# Using binary_crossentropy loss (Tensorflow backend)

opened this Issue Aug 17, 2017

### FREDMINGLI commented Aug 17, 2017

 In the training example in Keras documentation, https://keras.io/getting-started/sequential-model-guide/#training binary_crossentropy is used and sigmoid activation is added in the network's last layer, but is it necessary that add sigmoid in the last layer? As I found in the source code: ``````def binary_crossentropy(output, target, from_logits=False): """Binary crossentropy between an output tensor and a target tensor. Arguments: output: A tensor. target: A tensor with the same shape as `output`. from_logits: Whether `output` is expected to be a logits tensor. By default, we consider that `output` encodes a probability distribution. Returns: A tensor. """ # Note: nn.softmax_cross_entropy_with_logits # expects logits, Keras expects probabilities. if not from_logits: # transform back to logits epsilon = _to_tensor(_EPSILON, output.dtype.base_dtype) output = clip_ops.clip_by_value(output, epsilon, 1 - epsilon) output = math_ops.log(output / (1 - output)) return nn.sigmoid_cross_entropy_with_logits(labels=target, logits=output) `````` Keras invokes sigmoid_cross_entropy_with_logits in Tensorflow, but in sigmoid_cross_entropy_with_logits function, sigmoid(logits) is calculated again. https://www.tensorflow.org/versions/master/api_docs/python/tf/nn/sigmoid_cross_entropy_with_logits So I don't think it makes sense that add a sigmoid at last, but seemingly all the binary/multi-label classification examples and tutorials in Keras I found online added sigmoid at last. Besides I don't understand what is the meaning of ``````# Note: nn.softmax_cross_entropy_with_logits # expects logits, Keras expects probabilities. `````` Why Keras expects probabilities? Doesn't it use the nn.softmax_cross_entropy_with_logits function? Does it make sense? Thanks.

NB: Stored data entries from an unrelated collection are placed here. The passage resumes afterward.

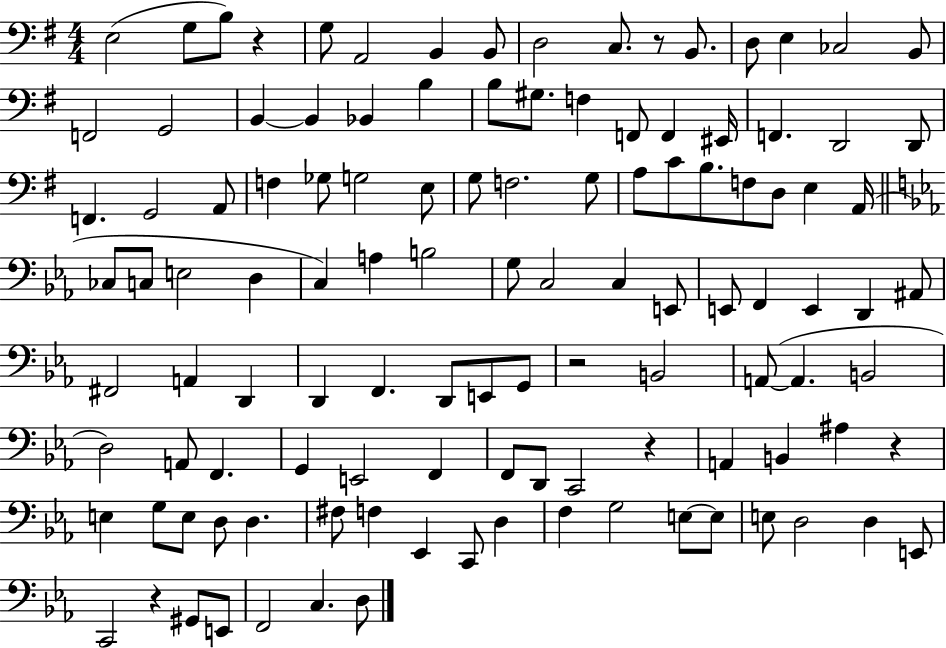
{
  \clef bass
  \numericTimeSignature
  \time 4/4
  \key g \major
  e2( g8 b8) r4 | g8 a,2 b,4 b,8 | d2 c8. r8 b,8. | d8 e4 ces2 b,8 | \break f,2 g,2 | b,4~~ b,4 bes,4 b4 | b8 gis8. f4 f,8 f,4 eis,16 | f,4. d,2 d,8 | \break f,4. g,2 a,8 | f4 ges8 g2 e8 | g8 f2. g8 | a8 c'8 b8. f8 d8 e4 a,16( | \break \bar "||" \break \key ees \major ces8 c8 e2 d4 | c4) a4 b2 | g8 c2 c4 e,8 | e,8 f,4 e,4 d,4 ais,8 | \break fis,2 a,4 d,4 | d,4 f,4. d,8 e,8 g,8 | r2 b,2 | a,8~(~ a,4. b,2 | \break d2) a,8 f,4. | g,4 e,2 f,4 | f,8 d,8 c,2 r4 | a,4 b,4 ais4 r4 | \break e4 g8 e8 d8 d4. | fis8 f4 ees,4 c,8 d4 | f4 g2 e8~~ e8 | e8 d2 d4 e,8 | \break c,2 r4 gis,8 e,8 | f,2 c4. d8 | \bar "|."
}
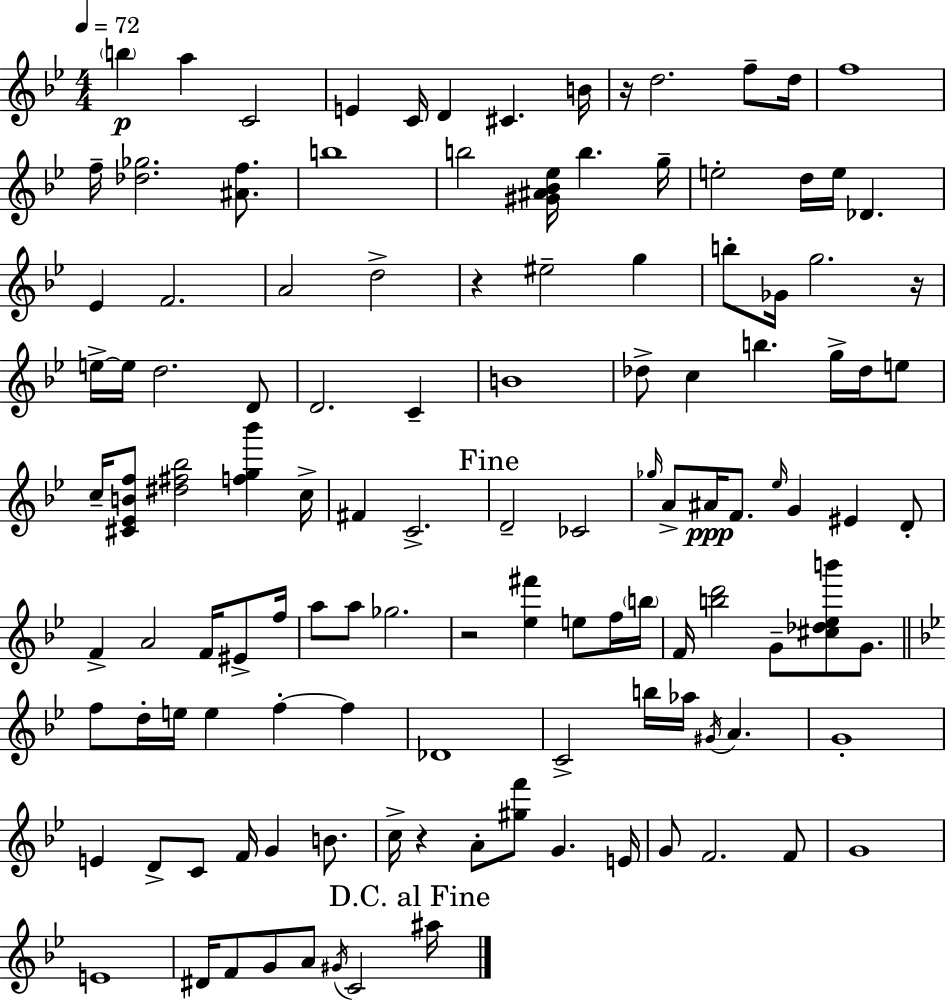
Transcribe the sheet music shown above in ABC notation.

X:1
T:Untitled
M:4/4
L:1/4
K:Bb
b a C2 E C/4 D ^C B/4 z/4 d2 f/2 d/4 f4 f/4 [_d_g]2 [^Af]/2 b4 b2 [^G^A_B_e]/4 b g/4 e2 d/4 e/4 _D _E F2 A2 d2 z ^e2 g b/2 _G/4 g2 z/4 e/4 e/4 d2 D/2 D2 C B4 _d/2 c b g/4 _d/4 e/2 c/4 [^C_EBf]/2 [^d^f_b]2 [fg_b'] c/4 ^F C2 D2 _C2 _g/4 A/2 ^A/4 F/2 _e/4 G ^E D/2 F A2 F/4 ^E/2 f/4 a/2 a/2 _g2 z2 [_e^f'] e/2 f/4 b/4 F/4 [bd']2 G/2 [^c_d_eb']/2 G/2 f/2 d/4 e/4 e f f _D4 C2 b/4 _a/4 ^G/4 A G4 E D/2 C/2 F/4 G B/2 c/4 z A/2 [^gf']/2 G E/4 G/2 F2 F/2 G4 E4 ^D/4 F/2 G/2 A/2 ^G/4 C2 ^a/4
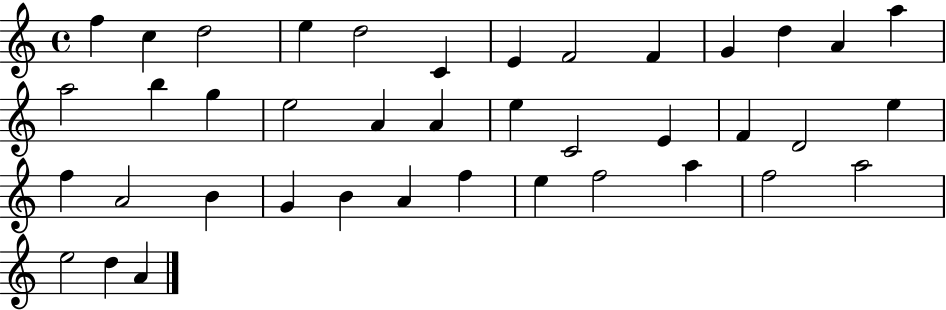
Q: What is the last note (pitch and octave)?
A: A4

### yesufeng commented Jan 2, 2018

 The last sigmoid activation layer is to generate probability output as also mentioned in the doc above. However, tensorflow nn.sigmoid_cross_entropy_with_logits expects 'logits' output, to conform to the interface, this function, converts probability to logit for tensorflow backend. Thus the whole interface is consistent. So yes, the last layer of sigmoid activation is necessary.